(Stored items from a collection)
┌────────
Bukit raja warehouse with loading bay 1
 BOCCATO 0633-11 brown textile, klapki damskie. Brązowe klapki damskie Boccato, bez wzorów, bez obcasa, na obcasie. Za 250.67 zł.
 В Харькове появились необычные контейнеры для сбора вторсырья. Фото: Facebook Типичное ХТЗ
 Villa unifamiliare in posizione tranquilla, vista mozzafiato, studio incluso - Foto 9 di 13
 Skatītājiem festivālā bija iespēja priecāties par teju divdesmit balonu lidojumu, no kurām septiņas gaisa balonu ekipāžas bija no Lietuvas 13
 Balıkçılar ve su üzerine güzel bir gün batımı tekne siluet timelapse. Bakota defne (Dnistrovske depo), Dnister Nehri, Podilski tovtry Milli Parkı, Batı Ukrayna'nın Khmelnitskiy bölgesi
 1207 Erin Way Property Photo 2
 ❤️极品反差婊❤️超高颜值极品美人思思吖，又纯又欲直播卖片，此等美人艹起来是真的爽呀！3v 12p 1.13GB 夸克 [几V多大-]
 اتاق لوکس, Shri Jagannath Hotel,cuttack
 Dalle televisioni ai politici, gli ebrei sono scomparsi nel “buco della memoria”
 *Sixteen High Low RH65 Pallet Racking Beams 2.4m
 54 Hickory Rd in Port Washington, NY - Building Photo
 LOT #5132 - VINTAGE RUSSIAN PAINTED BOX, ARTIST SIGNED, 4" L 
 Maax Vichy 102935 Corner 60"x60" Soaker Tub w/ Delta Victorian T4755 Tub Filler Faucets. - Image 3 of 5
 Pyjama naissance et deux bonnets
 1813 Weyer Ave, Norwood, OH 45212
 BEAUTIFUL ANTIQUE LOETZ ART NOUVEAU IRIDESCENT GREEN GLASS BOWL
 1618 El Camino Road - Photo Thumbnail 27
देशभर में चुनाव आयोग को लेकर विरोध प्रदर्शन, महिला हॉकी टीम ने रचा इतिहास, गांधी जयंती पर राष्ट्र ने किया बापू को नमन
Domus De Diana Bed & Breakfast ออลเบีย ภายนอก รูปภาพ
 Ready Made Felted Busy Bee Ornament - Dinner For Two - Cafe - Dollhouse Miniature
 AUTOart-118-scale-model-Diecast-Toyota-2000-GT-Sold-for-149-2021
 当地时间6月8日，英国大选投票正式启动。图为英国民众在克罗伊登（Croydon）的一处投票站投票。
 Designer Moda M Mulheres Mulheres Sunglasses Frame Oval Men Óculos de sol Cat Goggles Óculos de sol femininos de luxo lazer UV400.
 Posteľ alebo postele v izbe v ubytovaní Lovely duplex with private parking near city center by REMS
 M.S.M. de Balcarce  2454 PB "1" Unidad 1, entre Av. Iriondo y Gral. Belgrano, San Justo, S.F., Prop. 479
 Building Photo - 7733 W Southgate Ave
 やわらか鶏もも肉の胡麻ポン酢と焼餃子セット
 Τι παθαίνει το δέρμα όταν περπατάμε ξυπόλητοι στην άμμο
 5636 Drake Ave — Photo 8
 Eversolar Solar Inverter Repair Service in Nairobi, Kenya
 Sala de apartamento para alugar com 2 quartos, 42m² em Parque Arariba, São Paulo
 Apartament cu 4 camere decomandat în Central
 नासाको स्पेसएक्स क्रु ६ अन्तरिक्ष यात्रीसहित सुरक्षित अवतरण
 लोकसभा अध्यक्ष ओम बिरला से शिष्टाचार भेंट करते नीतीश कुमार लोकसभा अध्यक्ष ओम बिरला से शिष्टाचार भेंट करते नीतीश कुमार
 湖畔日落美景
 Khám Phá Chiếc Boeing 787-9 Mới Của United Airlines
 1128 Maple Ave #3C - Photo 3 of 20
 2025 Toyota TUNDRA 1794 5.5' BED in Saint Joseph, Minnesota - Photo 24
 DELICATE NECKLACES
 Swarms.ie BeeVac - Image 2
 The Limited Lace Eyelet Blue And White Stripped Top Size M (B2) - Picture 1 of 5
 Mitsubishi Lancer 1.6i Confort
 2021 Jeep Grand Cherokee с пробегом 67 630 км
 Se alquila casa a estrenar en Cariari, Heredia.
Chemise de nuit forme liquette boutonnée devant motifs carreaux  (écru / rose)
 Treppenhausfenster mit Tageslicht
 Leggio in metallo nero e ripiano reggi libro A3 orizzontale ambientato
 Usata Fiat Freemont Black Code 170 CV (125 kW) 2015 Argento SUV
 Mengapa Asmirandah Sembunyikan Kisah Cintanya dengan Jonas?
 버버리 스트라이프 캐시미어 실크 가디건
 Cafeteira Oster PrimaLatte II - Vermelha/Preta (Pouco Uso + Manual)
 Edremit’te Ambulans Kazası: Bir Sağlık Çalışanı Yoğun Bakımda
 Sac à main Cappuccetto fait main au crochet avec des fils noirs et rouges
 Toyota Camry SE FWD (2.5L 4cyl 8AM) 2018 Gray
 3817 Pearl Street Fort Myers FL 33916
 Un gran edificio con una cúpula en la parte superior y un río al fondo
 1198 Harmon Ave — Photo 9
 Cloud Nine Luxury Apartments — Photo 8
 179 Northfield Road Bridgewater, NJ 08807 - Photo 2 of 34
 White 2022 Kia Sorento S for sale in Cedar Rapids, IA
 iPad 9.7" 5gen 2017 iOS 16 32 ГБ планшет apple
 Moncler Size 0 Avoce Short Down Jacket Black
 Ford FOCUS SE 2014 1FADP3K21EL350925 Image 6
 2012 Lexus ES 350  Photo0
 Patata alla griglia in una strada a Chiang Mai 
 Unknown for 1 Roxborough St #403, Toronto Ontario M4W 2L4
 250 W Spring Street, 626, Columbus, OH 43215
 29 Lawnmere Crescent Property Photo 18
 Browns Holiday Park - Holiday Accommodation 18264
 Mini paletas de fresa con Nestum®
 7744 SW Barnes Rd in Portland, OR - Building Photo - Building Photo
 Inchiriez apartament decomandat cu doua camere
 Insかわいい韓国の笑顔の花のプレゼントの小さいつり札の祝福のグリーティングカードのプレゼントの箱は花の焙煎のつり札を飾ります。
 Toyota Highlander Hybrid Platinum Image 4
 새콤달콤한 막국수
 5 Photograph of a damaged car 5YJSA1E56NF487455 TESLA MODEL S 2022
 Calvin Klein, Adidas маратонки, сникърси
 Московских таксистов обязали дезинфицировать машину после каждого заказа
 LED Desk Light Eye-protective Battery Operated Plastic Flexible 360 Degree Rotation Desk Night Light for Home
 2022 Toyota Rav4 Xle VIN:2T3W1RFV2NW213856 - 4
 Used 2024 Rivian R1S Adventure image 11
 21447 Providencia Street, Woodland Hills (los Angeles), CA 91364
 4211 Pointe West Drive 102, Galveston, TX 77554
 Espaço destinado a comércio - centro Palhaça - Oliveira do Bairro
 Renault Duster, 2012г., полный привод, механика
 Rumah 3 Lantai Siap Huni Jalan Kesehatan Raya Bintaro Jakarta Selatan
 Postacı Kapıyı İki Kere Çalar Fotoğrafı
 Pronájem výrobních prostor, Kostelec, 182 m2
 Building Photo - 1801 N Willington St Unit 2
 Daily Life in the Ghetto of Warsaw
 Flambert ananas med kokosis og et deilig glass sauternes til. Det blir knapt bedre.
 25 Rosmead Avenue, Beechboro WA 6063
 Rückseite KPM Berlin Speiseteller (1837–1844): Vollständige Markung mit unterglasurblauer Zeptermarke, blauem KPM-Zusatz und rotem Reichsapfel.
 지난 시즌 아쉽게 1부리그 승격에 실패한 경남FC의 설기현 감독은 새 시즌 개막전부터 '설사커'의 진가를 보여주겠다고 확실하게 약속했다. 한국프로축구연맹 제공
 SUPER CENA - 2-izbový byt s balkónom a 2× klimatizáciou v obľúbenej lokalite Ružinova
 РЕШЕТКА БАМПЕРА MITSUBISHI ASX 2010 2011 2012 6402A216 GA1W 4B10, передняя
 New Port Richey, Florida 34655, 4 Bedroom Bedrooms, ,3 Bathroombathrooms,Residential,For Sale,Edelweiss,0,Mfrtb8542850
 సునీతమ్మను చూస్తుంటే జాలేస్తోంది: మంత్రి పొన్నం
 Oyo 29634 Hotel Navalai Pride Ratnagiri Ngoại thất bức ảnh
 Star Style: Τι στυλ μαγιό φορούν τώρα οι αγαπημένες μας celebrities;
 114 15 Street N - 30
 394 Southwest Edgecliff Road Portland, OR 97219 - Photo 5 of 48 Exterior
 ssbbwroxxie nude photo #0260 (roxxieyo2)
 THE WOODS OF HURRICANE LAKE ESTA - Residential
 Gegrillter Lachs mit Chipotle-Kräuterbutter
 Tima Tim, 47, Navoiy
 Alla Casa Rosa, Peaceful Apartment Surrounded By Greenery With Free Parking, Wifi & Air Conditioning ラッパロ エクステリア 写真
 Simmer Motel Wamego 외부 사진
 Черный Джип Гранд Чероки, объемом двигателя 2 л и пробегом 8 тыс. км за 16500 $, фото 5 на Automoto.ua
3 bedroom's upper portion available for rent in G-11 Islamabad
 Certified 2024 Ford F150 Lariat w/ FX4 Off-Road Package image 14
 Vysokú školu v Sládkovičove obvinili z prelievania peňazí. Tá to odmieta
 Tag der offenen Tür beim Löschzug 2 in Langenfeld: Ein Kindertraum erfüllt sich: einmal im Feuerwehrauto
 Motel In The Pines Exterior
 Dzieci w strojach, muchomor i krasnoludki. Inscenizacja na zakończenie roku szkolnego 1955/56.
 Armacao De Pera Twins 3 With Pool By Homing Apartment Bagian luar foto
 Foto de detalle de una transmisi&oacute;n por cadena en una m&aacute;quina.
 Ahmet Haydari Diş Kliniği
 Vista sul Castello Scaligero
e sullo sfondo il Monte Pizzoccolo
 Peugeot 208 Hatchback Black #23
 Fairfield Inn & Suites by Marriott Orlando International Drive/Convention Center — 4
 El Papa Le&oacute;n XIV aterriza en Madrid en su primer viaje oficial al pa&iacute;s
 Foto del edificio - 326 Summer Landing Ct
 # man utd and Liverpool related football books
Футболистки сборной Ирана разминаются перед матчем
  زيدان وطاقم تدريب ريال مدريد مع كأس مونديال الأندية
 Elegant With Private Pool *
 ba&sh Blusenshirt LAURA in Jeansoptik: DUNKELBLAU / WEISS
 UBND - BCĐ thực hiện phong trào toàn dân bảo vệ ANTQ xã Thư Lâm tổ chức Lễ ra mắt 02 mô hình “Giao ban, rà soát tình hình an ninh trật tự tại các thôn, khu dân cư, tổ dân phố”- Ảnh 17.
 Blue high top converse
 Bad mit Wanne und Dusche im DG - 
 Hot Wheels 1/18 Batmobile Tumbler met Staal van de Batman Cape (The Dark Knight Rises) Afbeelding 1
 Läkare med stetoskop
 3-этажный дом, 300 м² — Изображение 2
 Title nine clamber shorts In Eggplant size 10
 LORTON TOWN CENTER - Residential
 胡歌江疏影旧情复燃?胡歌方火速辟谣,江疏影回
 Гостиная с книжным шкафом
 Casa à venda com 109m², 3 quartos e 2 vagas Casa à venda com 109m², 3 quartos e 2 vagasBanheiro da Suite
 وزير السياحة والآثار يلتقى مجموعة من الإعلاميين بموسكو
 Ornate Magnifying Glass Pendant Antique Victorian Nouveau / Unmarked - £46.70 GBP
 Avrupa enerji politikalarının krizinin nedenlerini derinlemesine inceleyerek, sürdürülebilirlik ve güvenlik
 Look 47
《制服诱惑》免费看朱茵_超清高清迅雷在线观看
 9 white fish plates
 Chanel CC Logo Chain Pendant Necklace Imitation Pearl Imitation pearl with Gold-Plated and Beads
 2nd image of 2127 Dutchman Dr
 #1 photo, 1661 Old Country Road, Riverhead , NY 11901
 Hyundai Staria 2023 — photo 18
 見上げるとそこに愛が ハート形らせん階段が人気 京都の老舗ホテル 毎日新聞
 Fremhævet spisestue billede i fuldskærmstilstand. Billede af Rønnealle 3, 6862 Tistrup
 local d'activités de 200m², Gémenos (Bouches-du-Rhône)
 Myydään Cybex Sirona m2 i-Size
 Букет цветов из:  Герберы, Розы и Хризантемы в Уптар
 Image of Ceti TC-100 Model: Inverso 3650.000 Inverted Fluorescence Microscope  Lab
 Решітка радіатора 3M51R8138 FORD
└────────
▶ **Exercise description**
Nothing but the lines from the top of the records down to the line with "1618 El Camino Road - Photo Thumbnail 27" belongs in the answer; repeat them exactly.

▶ **Exercise result**
Bukit raja warehouse with loading bay 1
 BOCCATO 0633-11 brown textile, klapki damskie. Brązowe klapki damskie Boccato, bez wzorów, bez obcasa, na obcasie. Za 250.67 zł.
 В Харькове появились необычные контейнеры для сбора вторсырья. Фото: Facebook Типичное ХТЗ
 Villa unifamiliare in posizione tranquilla, vista mozzafiato, studio incluso - Foto 9 di 13
 Skatītājiem festivālā bija iespēja priecāties par teju divdesmit balonu lidojumu, no kurām septiņas gaisa balonu ekipāžas bija no Lietuvas 13
 Balıkçılar ve su üzerine güzel bir gün batımı tekne siluet timelapse. Bakota defne (Dnistrovske depo), Dnister Nehri, Podilski tovtry Milli Parkı, Batı Ukrayna'nın Khmelnitskiy bölgesi
 1207 Erin Way Property Photo 2
 ❤️极品反差婊❤️超高颜值极品美人思思吖，又纯又欲直播卖片，此等美人艹起来是真的爽呀！3v 12p 1.13GB 夸克 [几V多大-]
 اتاق لوکس, Shri Jagannath Hotel,cuttack
 Dalle televisioni ai politici, gli ebrei sono scomparsi nel “buco della memoria”
 *Sixteen High Low RH65 Pallet Racking Beams 2.4m
 54 Hickory Rd in Port Washington, NY - Building Photo
 LOT #5132 - VINTAGE RUSSIAN PAINTED BOX, ARTIST SIGNED, 4" L 
 Maax Vichy 102935 Corner 60"x60" Soaker Tub w/ Delta Victorian T4755 Tub Filler Faucets. - Image 3 of 5
 Pyjama naissance et deux bonnets
 1813 Weyer Ave, Norwood, OH 45212
 BEAUTIFUL ANTIQUE LOETZ ART NOUVEAU IRIDESCENT GREEN GLASS BOWL
 1618 El Camino Road - Photo Thumbnail 27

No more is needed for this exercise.